A water flow meter is an effective means to document water use and track changes to water management practices. Flow meters are recommended for withdrawal approvals, although pump specifications and logging hours of use can be used as an alternative in some circumstances. There are a variety of flow meters available in the marketplace, although it is important to ensure it is properly suited for the situation, e.g. vertical, horizontal or oblique installation and compatible with water quality, e.g. impurities in water.


Irrigation management

Proper irrigation management ensures that the irrigation system is operated to match the crop, soil and climate conditions present. Irrigation should be scheduled to replace moisture losses in a manner that does not exceed the crop’s ability to utilize the water, or the soil’s capacity to store the water applied. Appropriate irrigation equipment selection and design, as well as good management and scheduling, will conserve water supplies while supporting crop growth.

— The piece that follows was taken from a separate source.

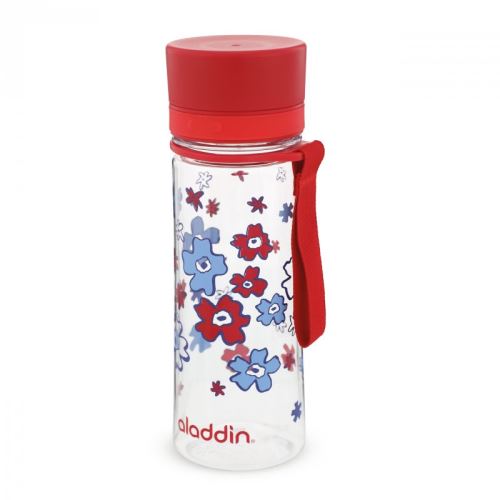 ALADDIN Lahev na vodu AVEO 350 ml, červená s potiskem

A farmer’s observations and experience are often relied upon during the growing season; however, soil moisture sensors can help improve irrigation management. Depending on the crop, even mild plant stress can impact yield. Soil moisture sensors are useful tools to help irrigators to understand what is happening in the root zone of a crop. There are two basic groups of sensors for soil moisture monitoring:


  1. Water Potential Sensors: such as tensiometers and granular matrix sensors, (e.g. gypsum block and watermark sensors). These sensors measure how hard it is to remove water from the soil. This information coupled with an understanding of your soil texture (e.g. sandy, loamy, silty etc.) can be used to determine the amount of water in the soil that is available to plants.
  2. Soil Moisture Sensors: that give a percentage or relative content of soil moisture. These sensors measure the water content of a soil using the time or frequency of a pulse travelling between or returning to electrodes. The most common types are capacitance and time or frequency domain. Most sensors are accurate within 2–3% of the actual soil moisture.

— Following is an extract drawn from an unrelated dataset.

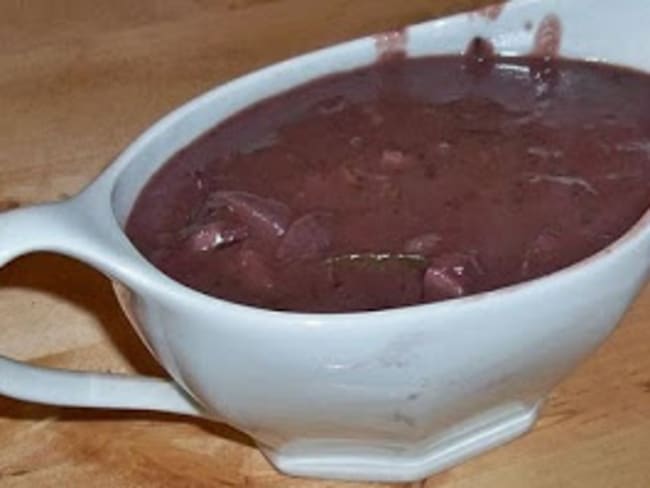 Sauce pour ragoûts de gibiers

The wide variety of tools and sensors available for assessing soil moisture can accommodate a range of farm needs regardless of farm size. With advances in technology, farmers can now access real-time soil tension sensor data with a mobile platform that allow growers to anticipate the water needs of the crop and schedule irrigation accordingly, e.g.

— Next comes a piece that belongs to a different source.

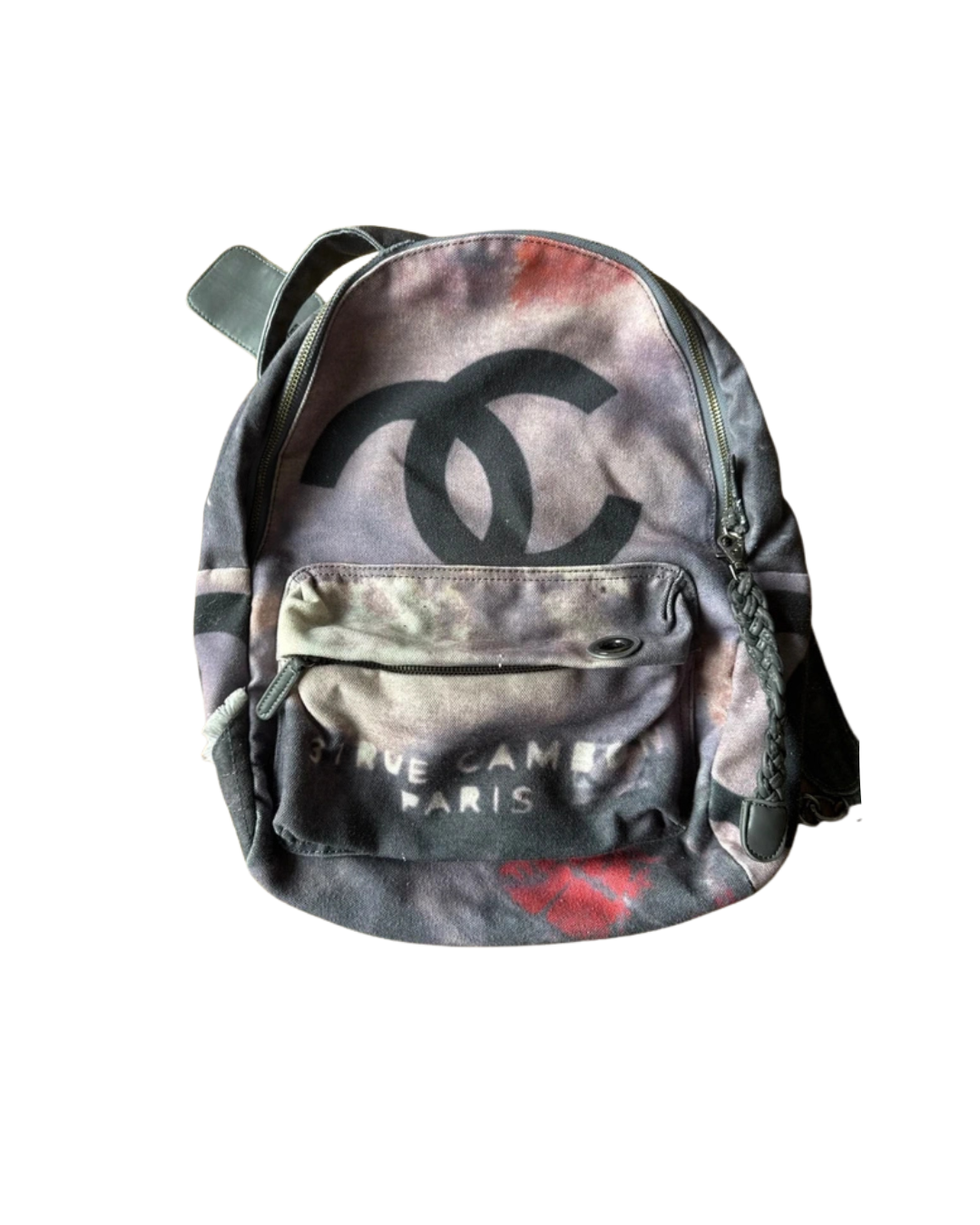 Chanel Graffiti Backpack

Water is a critical input into all farming operations. Unlike many regions of the world, we are fortunate to live and farm in an area where we have an abundance of high-quality water. The summer of 2016 was an example that highlighted that we are not immune from water scarcity in the province. Moving into an unpredictable future, it is in our best interest to understand the limits of the water resources we have and to manage those resources responsibly.